What it does not terminate, however, is any past, unpaid child support still owed by the birth parent. A child support arrearage is still owed to the child, and the court can enforce that support obligation in arrears after the child is adopted.
3. Termination of Parental Rights
If your parental rights are terminated, so is your obligation to pay child support.
An argument can be made, however, that despite the termination of parental rights, receiving child support is still in the best interest of the child. This argument has been made in child support cases in Florida including Ponton v Tabares 711 S0.2d 125, 126 (Fla. 3d DVA 1998).
In this specific case, while the court acknowledged “it is in the better interest of a child to retain his or her right to financial support from a parent after the termination of parental rights,” it found no Florida precedent of a similar case.

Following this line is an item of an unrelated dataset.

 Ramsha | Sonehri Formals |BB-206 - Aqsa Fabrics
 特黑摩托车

Without specific statutory authority in place, the court ruled that the husband’s child support obligation terminated along with his parental rights.
In Florida, a child reaches majority at the age of 18, and, in most cases, a child’s parent has a legal obligation to provide them with financial support until they reach majority.

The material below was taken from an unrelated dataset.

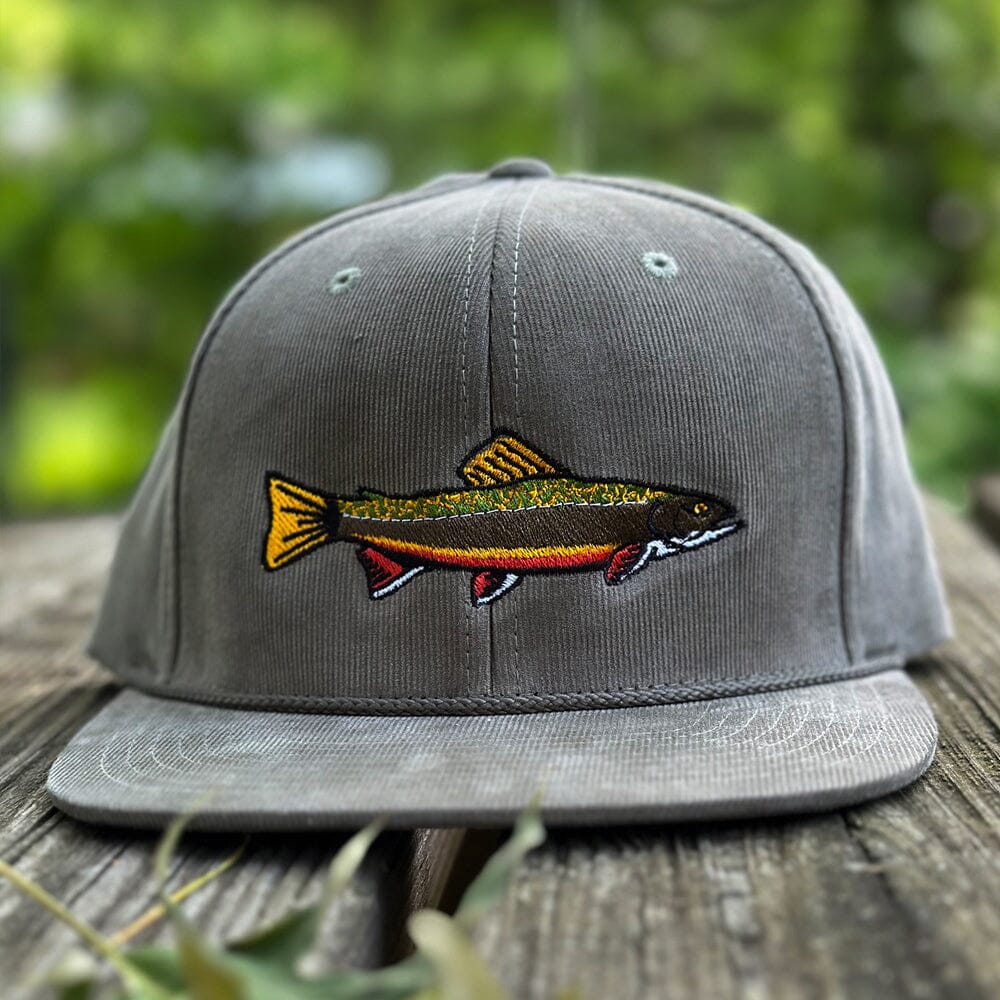 Brook Trout - Corduroy Hat – Foundry Fishing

There are, however, cases where a child reaches emancipation before majority. For instance, a child may join the military, get married, or become otherwise self-supporting.
In each of these cases, the child is freed from the control of his or her parents, and in return, the parents are no longer legally responsible for their child. When a parent is no longer legally responsible, they are, also, typically no longer financially responsible for the child, thereby ending their child support obligation.
There are, of course, exceptions, and multiple cases where a child’s emancipation did not terminate a child support obligation.
For instance, what about child support obligations in cases where a minor gives birth to a child who also needs financial support? In a 1988 case, Doerrfeld v Konz, the court found that the parent was not relieved of providing child support to her minor daughter after the birth of her grandchild because the minor daughter was not financially independent and still lived at her residence.
It’s also important to understand that in emancipation cases, termination of child support is not always automatic. In one case, a minor was married before reaching majority. Her father had originally agreed to provide child support until she graduated high school but, upon her marriage, believed that his child support obligation automatically terminated. However, the court ended up enforcing continued child support payments.
Why? Two reasons. One, the father did not seek a reduction in child support due to a significant change in circumstances. He simply assumed the reduction would occur automatically. Two, he did not prove that the termination of child support was in the best interest of his daughter.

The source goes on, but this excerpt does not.